Punto 4: Investimenti in innovazione e nuove attività produttive esclusi dal limite del 3 per cento annuo di deficit di bilancio

3 per cento

La famigerata “regola del 3%” è entrata a far parte del Trattato di Maastricht nel 1992; nel 1997 è rientrata nel Patto di Stabilità e più tardi è stata riprodotta nel Fiscal Compact che l’Italia ha ratificato. Ormai gran parte dei media italiani e dei politici ci ha abituati a previsioni catastrofiche per l’Unione europea se il vincolo del 3 per cento non sarà rispettato. Ma la verità è che il parametro si può sforare. Se andiamo a vedere la legge, questa infatti dice tutt’altra cosa, ovvero che “scostamenti temporanei del saldo strutturale dall’obiettivo programmatico – cioè scostamento dai limiti europei – sono consentiti in caso di eventi eccezionali, quali ad esempio periodi di grave recessione economica o gravi crisi finanziarie”, il che è proprio ciò che stiamo vivendo noi in Italia.
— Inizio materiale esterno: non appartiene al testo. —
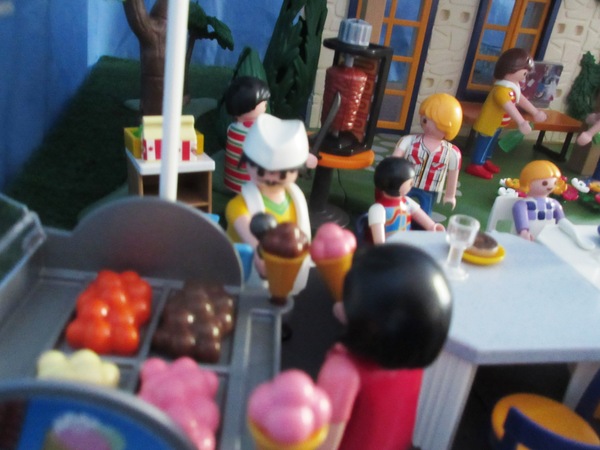 It will be the second Royal Wedding of the year for the Playmobil people in our house...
Il MoVimento 5 Stelle il 26 marzo 2014 ha presentato una mozione – che l’esecutivo ha però bocciato – che invitava il Governo a discostarsi temporaneamente dagli obiettivi fissati dal Patto di Stabilità stipulato nel 1997, in particolare per le questioni urgenti riguardanti la disoccupazione, la qualità e il costo delle abitazioni, i salari, la sicurezza dell’impiego, l’educazione, la coesione sociale, la qualità dell’ambiente, la salute e la sicurezza.